IBM Simplifies Its FlashSystem Storage Portfolio

In a recent storage announcement, IBM described a simplification process that has led to a single FlashSystem solution family encompassing all of traditional block-level storage for non-mainframe environments. This is an important outcome from the company’s ongoing focus on “making storage simple.” IBM recognizes that there is a limit on what can be done as expressed in its use of a quote from Albert Einstein that “Everything should be made as simple as possible, but no simpler.” Let’s see what IBM has done to make storage simpler and why it is important.

A Fast Look at IBM’s Storage Portfolio

IBM divides its storage portfolio into two broad categories: storage for hybrid multicloud and storage for AI and big data. Storage for AI and big data focuses primarily on file data using the Enterprise Storage System (ESS) and object data using Cloud Object Storage (COS). Storage for hybrid multicloud concentrates mainly on-block-based storage. This divides into two categories as well. Our focus today is on entry level, midrange and high-level storage — which is what we think of traditionally as block-based storage within an enterprise. Mainframe storage, with its own architecture, is a separate and distinct category from this non-mainframe-based storage and rounds out IBM’s random direct access storage portfolio,

Platform Complexity is an Enemy of Storage Simplicity

What is the problem with traditional block-based enterprise storage and how has IBM addressed it? The problem is platform complexity caused by storage vendors having multiple product lines so that no single product family covers the entry, midrange, and high-level spectrum. Well-known vendors, Dell-EMC, HPE, NetApp, and Hitachi Vantara, all have multiple product families for historical reasons. IBM was no exception to the rule with Storwize as the entry and midrange family with FlashSystem at the high-end with one model managed with Spectrum Virtualize and two managed by Spectrum Accelerate.

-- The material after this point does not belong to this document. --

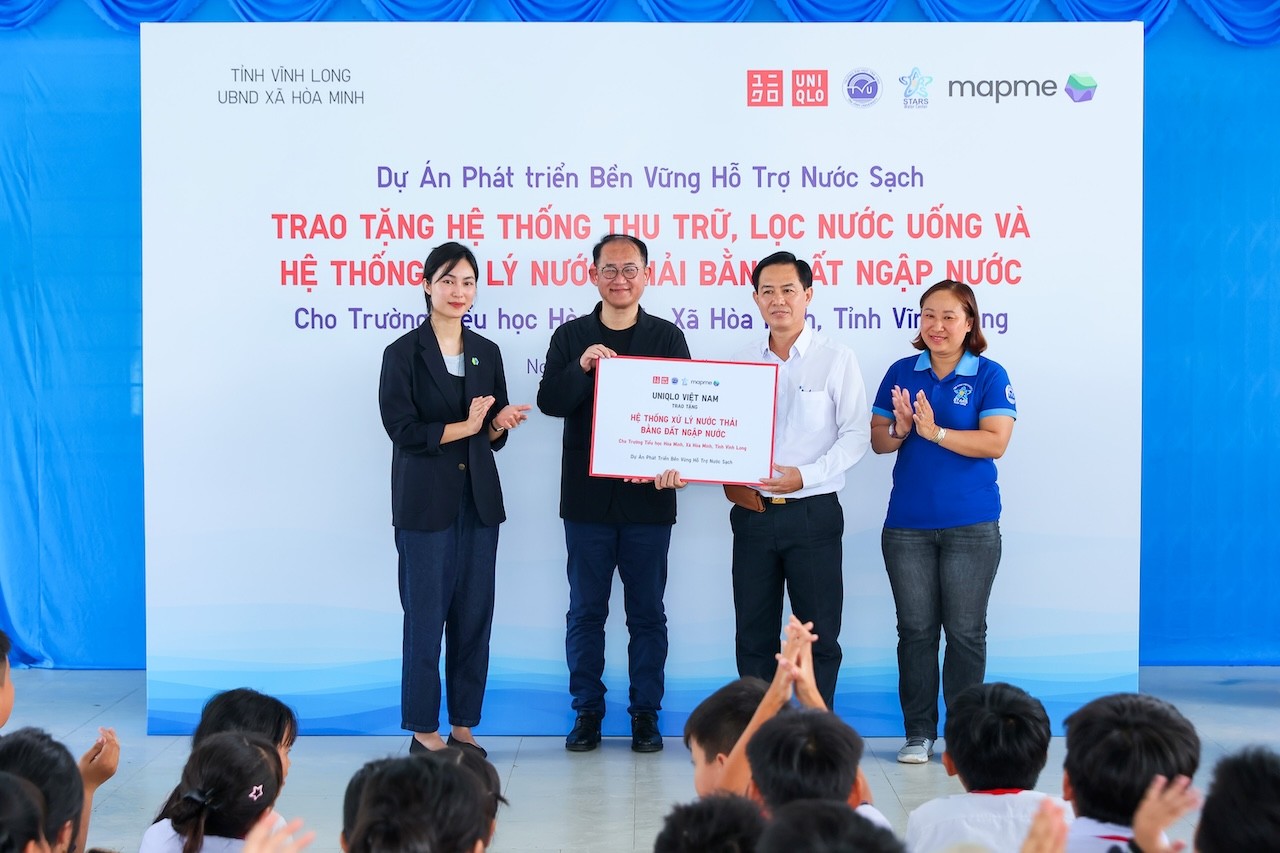 uniqlo-trao-tang-he-thong-xu-ly-nuoc-thai-bang-dat-ngap-nuoc-cho-truong-tieu-hoc-hoa-minh-1779287136.jpg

Since IBM’s and its competitors’ products are high-quality and well-accepted, why does platform complexity matter? One answer is that if an enterprise uses only one product family it may not. Even there, however, it may matter. Say a customer uses only one entry product and would like to take advantage of high-end data services, such as the ability to copy/migrate data to the cloud. Although not all data services can (or need to) run on the very lowest entry IBM model (FlashSystem 5010), at the largest IBM entry model (FlashSystem 5100), and above all, enterprise-class data services are available. This means that anything the big boys can do, so can the little guy.

But large enterprises are likely to use more than just one level of platform product. That’s why many are likely to find IBM’s simplified FlashSystem portfolio compelling. All FlashSystem solutions have the same physical architecture and are managed by the same software in Spectrum Virtualize, meaning that users can enjoy a single experience from on-premises systems to the cloud. This is important in that a strategy or tactic to meet ever changing requirements, such as how to meet the challenges of the new California privacy legislation (including encryption and ensuring the erasure of selected information), can be planned once and then adopted across platforms more easily.

The same is true of the adoption of innovations, like storage-class memory (SCM) which offers a new tier of persistent storage that is faster, but more expensive than the FlashCore Modules (FCMs) that FlashSystems use extensively. IBM’s AI- based Easy Tier seamlessly moves the hottest data to the tiny sips of SCM from the large gulps of FCM to deliver up to 40% better response time than using just FCM alone, Not only the high end FlashSystems, such as the 9200, and the midrange FlashSystem 7200 support SCM, but so can the FlashSystem 5100 at the top end of the entry level.

No Storage is an Island in a Hybrid Multicloud World

More and more use of public clouds is taking place. FlashSystems takes advantage of the fact that Spectrum Virtualize is available on the public cloud. Among the key use cases for your hybrid multicloud environment are:

  • Business continuity and Disaster recovery — the ability to leverage rented public cloud resources as a disaster recovery site
  • DevOps analytics — the ability to make a temporary data copy on a public cloud from an on-premises copy.
  • Cyber-resiliency — the ability to use a logically air-gapped copy on a public cloud to overcome the negative impact of a cyber-incident, such as a ransomware or malware attack.
  • Workload migration — the ability to conduct a permanent data migration to the public cloud.

Mesabi musings

Simplicity overcomes complexity. IBM created the simplicity for traditional block storage by making one FlashSystem storage line for entry, midrange, and high-level flash storage. IBM thus eliminated one cause of storage complexity, namely platform complexity. Having a single common approach to data management benefits users in their ability to take advantage of innovations across all levels of storage and to use the hybrid multicloud more effectively.